== EXERCISE INPUT

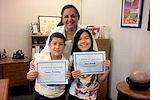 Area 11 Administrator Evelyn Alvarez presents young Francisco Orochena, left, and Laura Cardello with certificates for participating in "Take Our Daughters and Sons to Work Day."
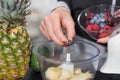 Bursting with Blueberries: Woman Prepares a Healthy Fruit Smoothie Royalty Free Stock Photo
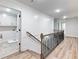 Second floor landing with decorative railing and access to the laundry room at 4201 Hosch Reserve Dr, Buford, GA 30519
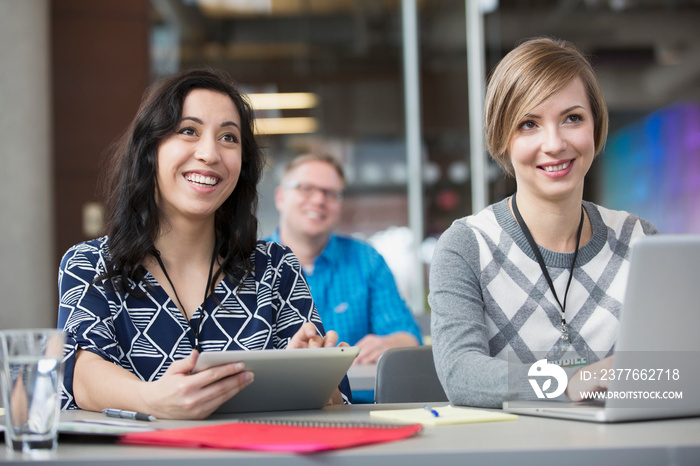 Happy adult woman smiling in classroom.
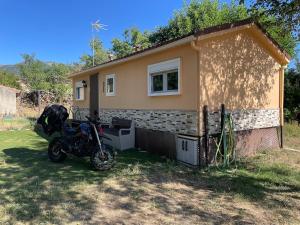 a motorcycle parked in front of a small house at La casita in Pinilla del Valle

====
== EXERCISE INPUT

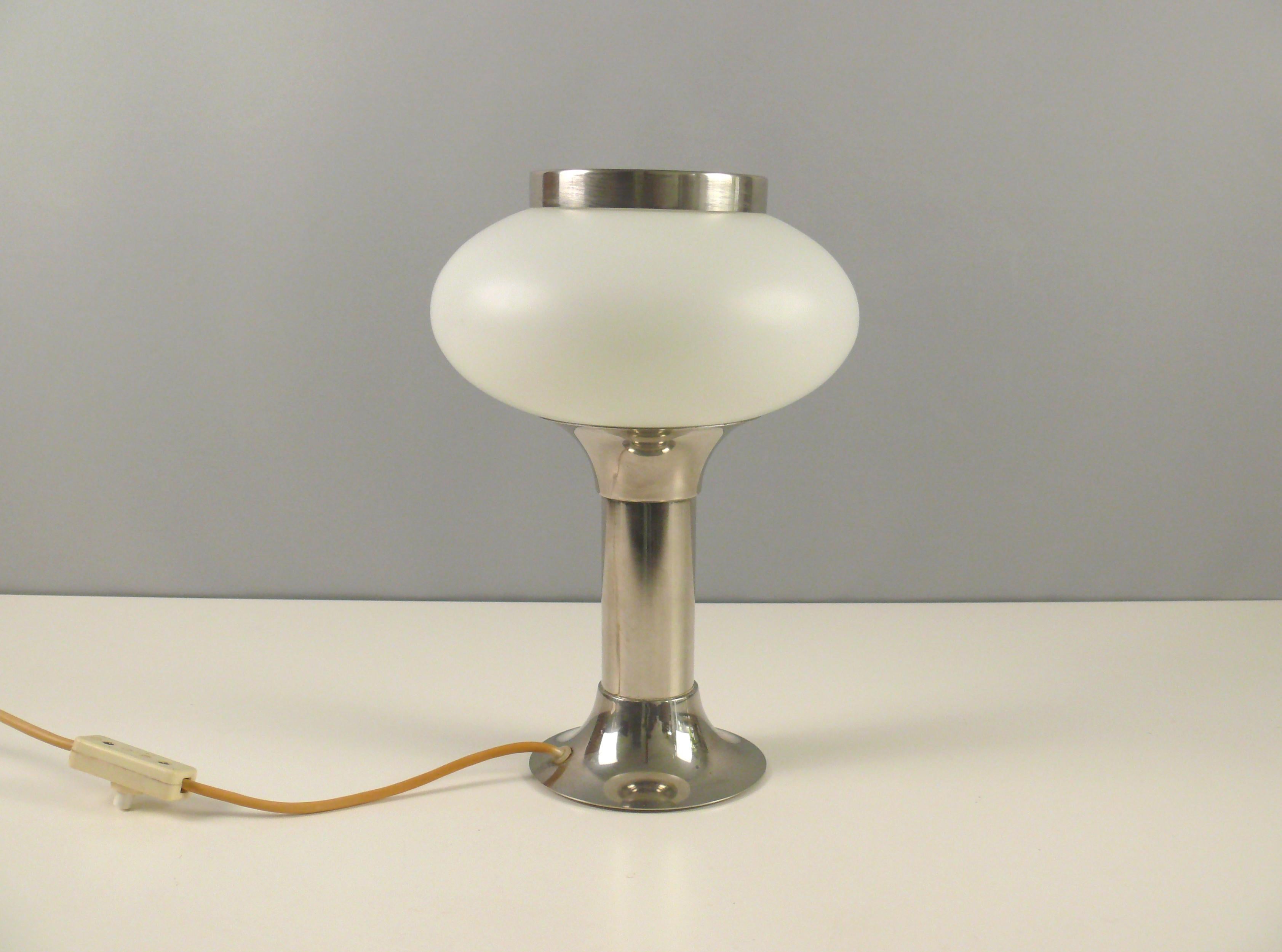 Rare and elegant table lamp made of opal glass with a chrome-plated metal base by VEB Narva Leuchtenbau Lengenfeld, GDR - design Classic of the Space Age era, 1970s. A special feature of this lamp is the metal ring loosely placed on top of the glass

====

> _EXERCISE GOAL_:
The answer is the lines of the material above, from the one containing "Bursting with Blueberries: Woman" down to the one containing "a motorcycle parked", given exactly and without images.

> _ANSWER TO THIS EXERCISE_:
 Bursting with Blueberries: Woman Prepares a Healthy Fruit Smoothie Royalty Free Stock Photo
 Second floor landing with decorative railing and access to the laundry room at 4201 Hosch Reserve Dr, Buford, GA 30519
 Happy adult woman smiling in classroom.
 a motorcycle parked in front of a small house at La casita in Pinilla del Valle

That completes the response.